Leave out the pictures and restate the rest of the data exactly.

Data shown >>

******************************

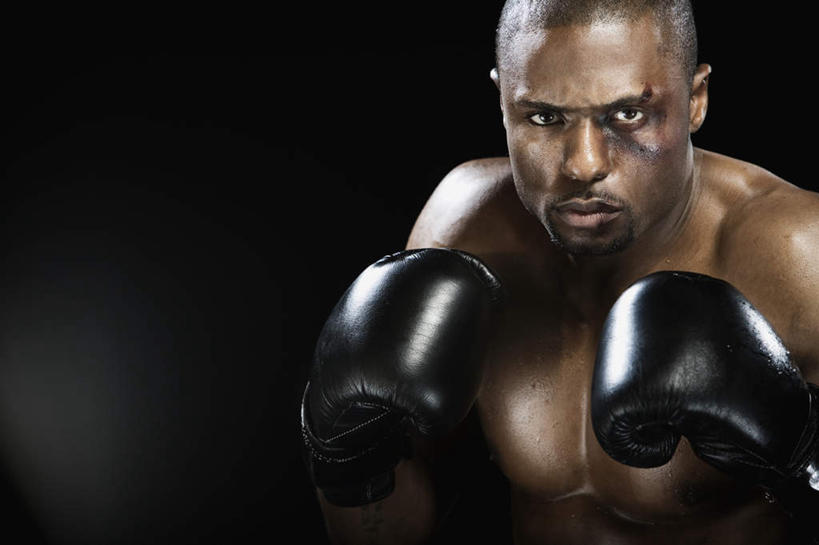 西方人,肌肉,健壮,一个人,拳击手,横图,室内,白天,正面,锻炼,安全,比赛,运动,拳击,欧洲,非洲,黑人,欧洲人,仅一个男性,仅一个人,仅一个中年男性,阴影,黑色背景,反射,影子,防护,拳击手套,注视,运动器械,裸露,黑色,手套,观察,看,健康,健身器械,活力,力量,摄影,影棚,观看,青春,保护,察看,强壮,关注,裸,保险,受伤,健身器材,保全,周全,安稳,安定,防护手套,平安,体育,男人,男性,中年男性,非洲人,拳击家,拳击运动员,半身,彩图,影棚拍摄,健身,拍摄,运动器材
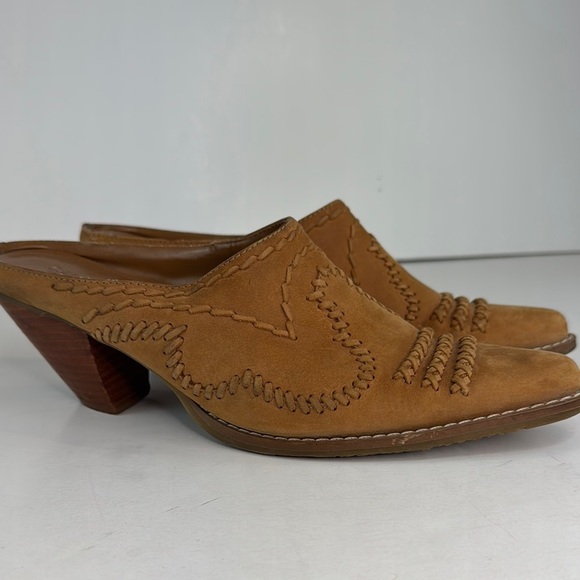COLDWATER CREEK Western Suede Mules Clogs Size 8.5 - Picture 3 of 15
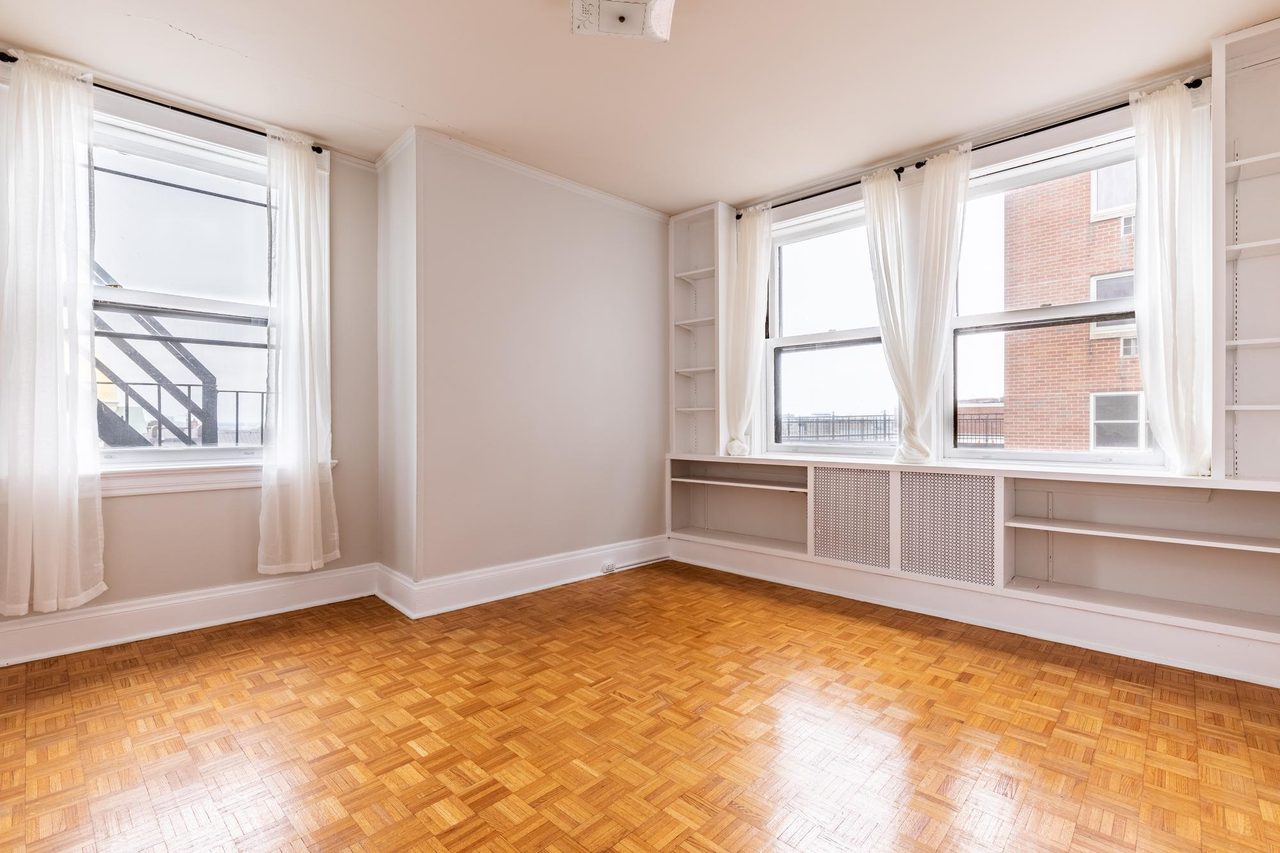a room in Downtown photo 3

******************************

Reply >>
 西方人,肌肉,健壮,一个人,拳击手,横图,室内,白天,正面,锻炼,安全,比赛,运动,拳击,欧洲,非洲,黑人,欧洲人,仅一个男性,仅一个人,仅一个中年男性,阴影,黑色背景,反射,影子,防护,拳击手套,注视,运动器械,裸露,黑色,手套,观察,看,健康,健身器械,活力,力量,摄影,影棚,观看,青春,保护,察看,强壮,关注,裸,保险,受伤,健身器材,保全,周全,安稳,安定,防护手套,平安,体育,男人,男性,中年男性,非洲人,拳击家,拳击运动员,半身,彩图,影棚拍摄,健身,拍摄,运动器材
COLDWATER CREEK Western Suede Mules Clogs Size 8.5 - Picture 3 of 15
a room in Downtown photo 3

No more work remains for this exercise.